But none have had the global impact of Lucy Maud Montgomery.
About 150,000 tourists visit Green Gables each year; in the peak months of July and August as many as 2,000 per day.
On the day of our visit, two much larger (and spectacularly ugly) cruise ships were in the harbor. We came in by ship’s tender, threading our way to shore. Photos by Corey Sandler
There are some other businesses on the island: fishing, potato farming, and recreation.
But a large portion of the province’s income comes from tourism, and most of that is directly or indirectly related to Anne.
Which brings us to Japan.
“Anne of Green Gables” was translated into Japanese in 1952 and quickly adapted as one of the standard texts for teaching English in the nation’s schools.

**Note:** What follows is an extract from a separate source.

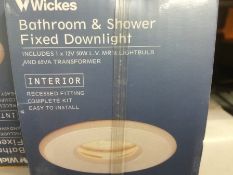 20x Wickes BRANDED   low voltage shower light kits in white  includes P65 light fitting ,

There are Anne of Red Hair fan clubs all through Japan; one of them is the Buttercups.
There are major groups of fans in Europe, Australia, and China as well.
But only in Japan have they taken it to the level of idol-worship, comic books, refrigerator magnets, and wedding ceremonies.
In Japan, Anne is almost everywhere.
Why are the Japanese so fascinated with Anne?
It could be the beautiful pastoral settings of Prince Edward Island, something which connects with the Japanese appreciation of simple nature.
But as the writer Calvin Trillin observed in a 1996 essay in The New Yorker, it could also be a fascination by Japanese girls with this impossible creature Anne who is so un-Japanese:
feisty, independent, with a face full of freckles topped by a mane of red hair.
That is as much of an alien creature for the Japanese as Godzilla.